SECTION27 is concerned by the deafening silence in respect of basic education in President Zuma’s state of the nation address (SONA) on Thursday 11 February 2016. Basic education constitutes the largest portion of planned government expenditure at 16.7 percent and yet schooling remains a crisis.
South Africa has a declining matric pass rate and performs the worst of all middle-income countries in cross-national assessments. Civil society has repeatedly had to return to court, to demand improved education provisioning, in respect of the most basic requirements necessary for learning and teaching to occur. Learners across the country have refused to attend schools in protest of unsafe infrastructure and insufficient learning materials since the beginning of the school year.
Organisations have turned to the courts for infrastructure, teacher provisioning, furniture and textbooks. Last year, SECTION27 and Basic Education For All (BEFA) were forced to go to the Supreme Court of Appeal (SCA) to defend the High Court judgment that held that every learner is entitled to a textbook in every subject at the commencement of the academic year, which government appealed and lost.
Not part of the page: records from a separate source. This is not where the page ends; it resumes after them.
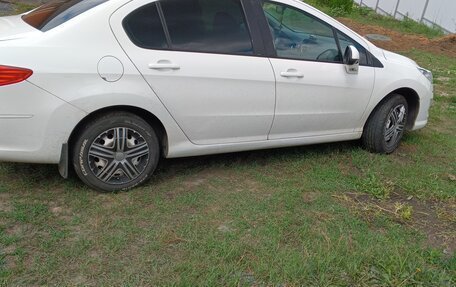 Peugeot 408 I рестайлинг, 2012 год, 260 000 рублей, 2 фотография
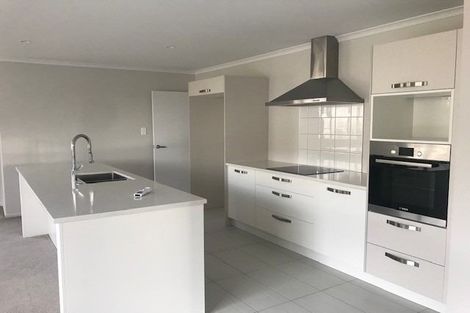 Photo of property in 86 Puhirake Crescent, Pyes Pa, Tauranga, 3112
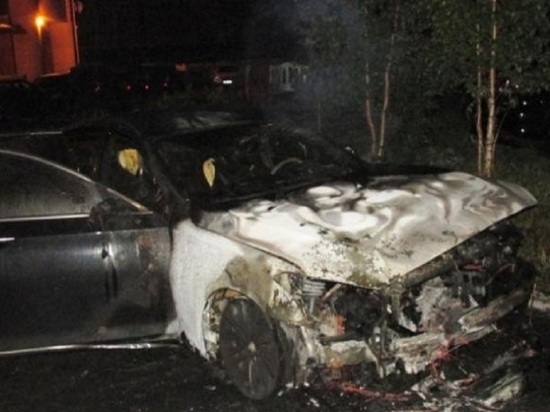Поджог был совершён сегодня ночью, около двух часов, на закрытой территории дома – нападению преступников подвергся автомобиль «Хендай Дженезис»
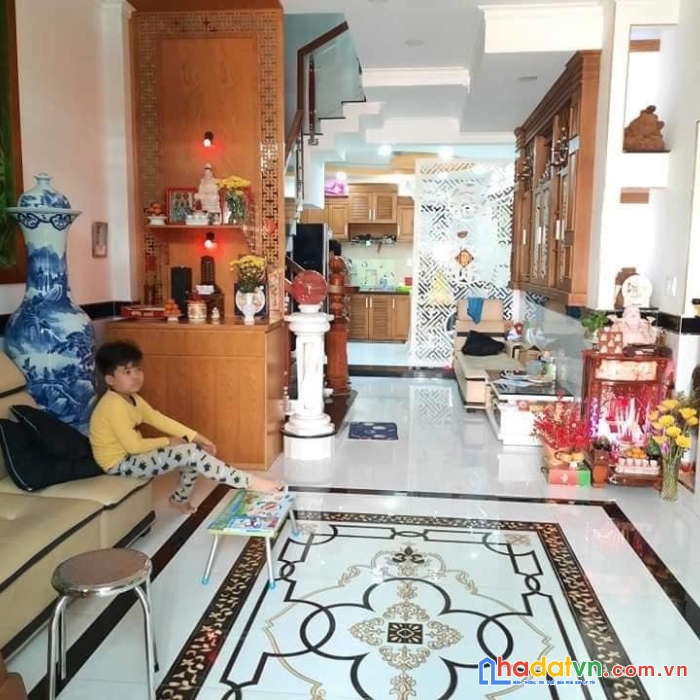 Nhà đẹp vào ở ngay, hẻm thông, đ.số 4, q3, trước nhà 3m, an ninh,, 4 tầng, 33m2, 6.5 tỷ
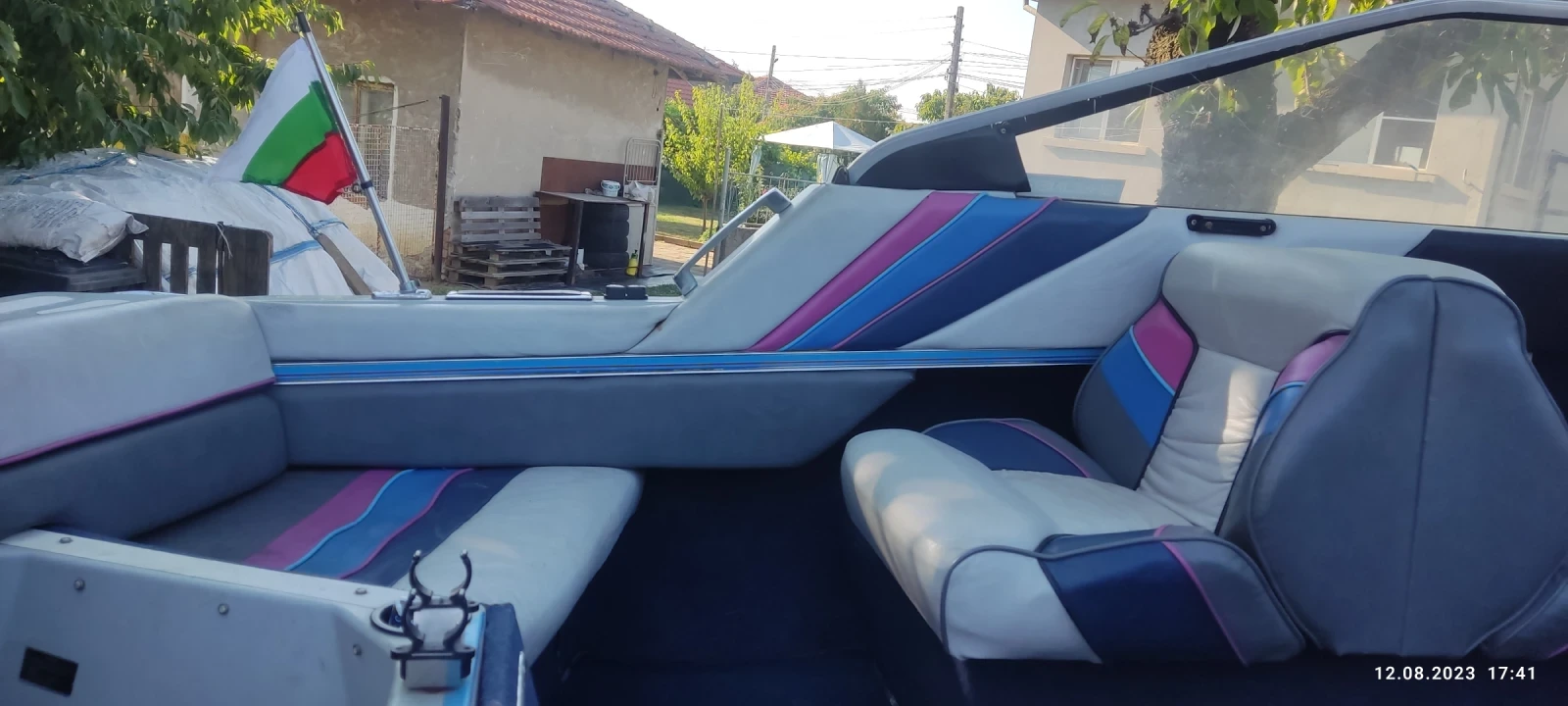 Моторна яхта Bayliner Vn 9287 - изображение 9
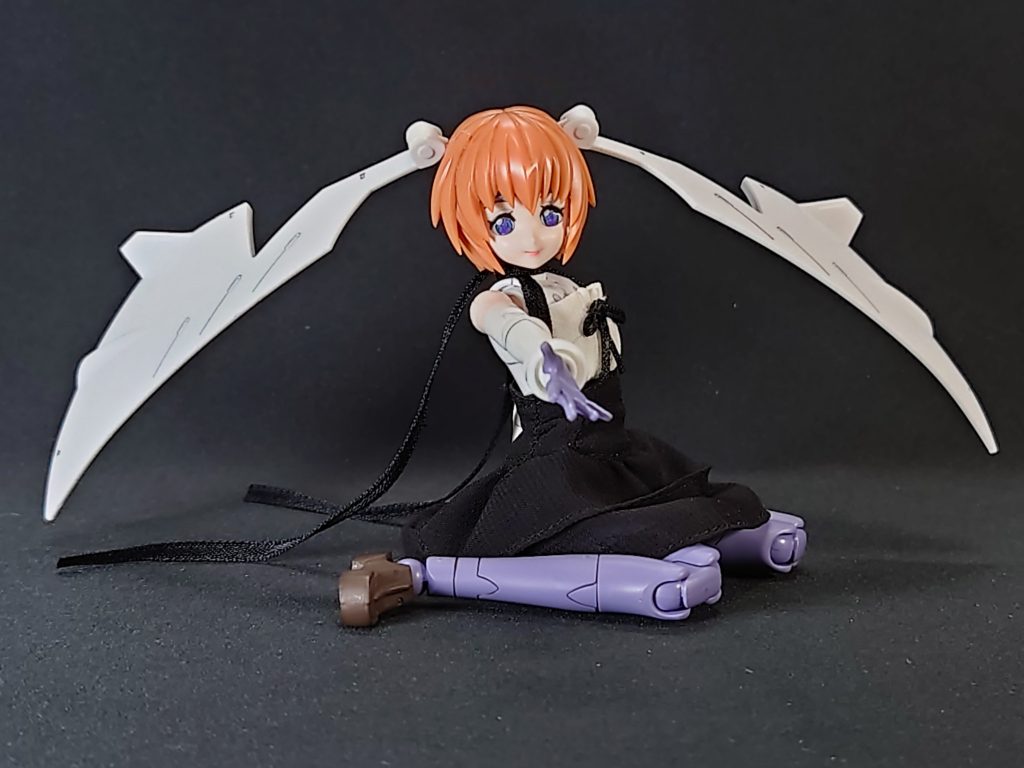 目は筆塗りの後クリアーやレジンではなく、お手軽にセロハンテープをカットして貼ってます。ヘアーはコトブキヤのガールズ系の余剰パーツですが、ボールジョイントの径がピッタリだったので、サラのスカートアーマーをそのままツインテールにしました。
In a speech delivered during a three-day education lekgotla in January 2016, which was attended by education MECs and department heads, Minister of Education, Angie Motshekga acknowledged that basic education is characterised by “pockets of disasters” and is a “national catastrophe”. SECTION27 applauds Minister Motshekga’s stance as it is a significant marker in a long and arduous road towards fixing the schooling system.
Despite the Minister’s acknowledgement, we are yet to see concrete plans about how her department will deal with this national crisis. In the SCA judgment on the Limpopo Textbooks Case, Navsa J said “It cannot be emphasised enough that basic education should be seen as the primary driver of transformation” and so the lack of political will demonstrated by the President’s speech is of serious concern.
President Zuma appeared to focus on addressing the low levels of South Africa’s economic growth, but any serious plan to address this issue is flawed without a plan to simultaneously improve educational outcomes in our country.
According to the National Development Plan, “improved education, for example, will lead to higher employment and earnings, while more rapid economic growth will broaden opportunities for all and generate the resources required to improve education.”
Education is an “immediately realisable” right and the government must do everything possible to ensure it is realised “diligently and without delay” in terms of the Constitution.